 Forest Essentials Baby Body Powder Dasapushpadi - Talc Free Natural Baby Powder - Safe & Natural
====================
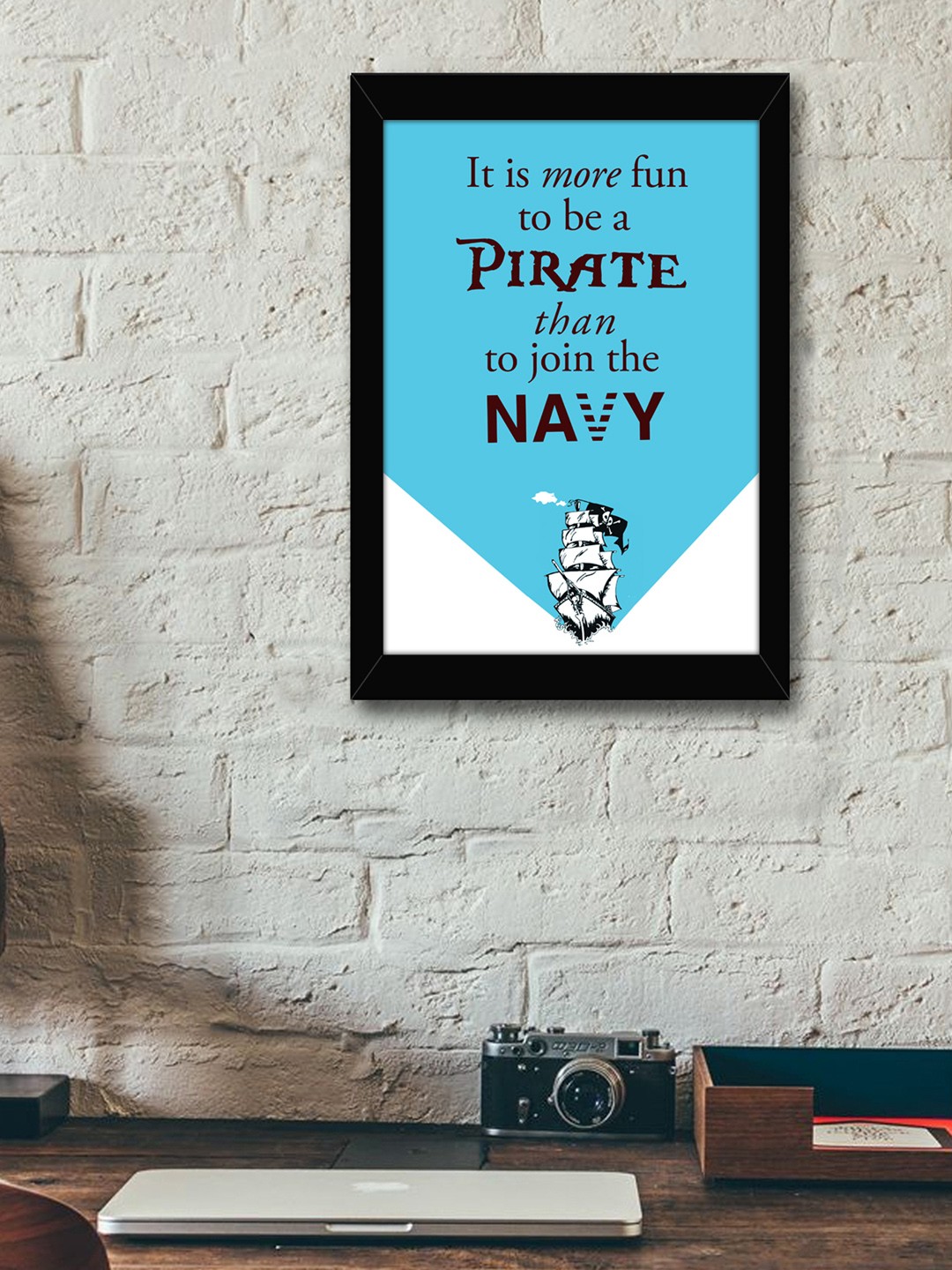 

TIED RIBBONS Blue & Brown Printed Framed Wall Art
====================
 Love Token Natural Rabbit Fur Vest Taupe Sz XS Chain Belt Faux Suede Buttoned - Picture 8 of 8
====================
# The problem
Find the lines of the listing above that hold "Natural". Please copy them.

# Task response
 Forest Essentials Baby Body Powder Dasapushpadi - Talc Free Natural Baby Powder - Safe & Natural
 Love Token Natural Rabbit Fur Vest Taupe Sz XS Chain Belt Faux Suede Buttoned - Picture 8 of 8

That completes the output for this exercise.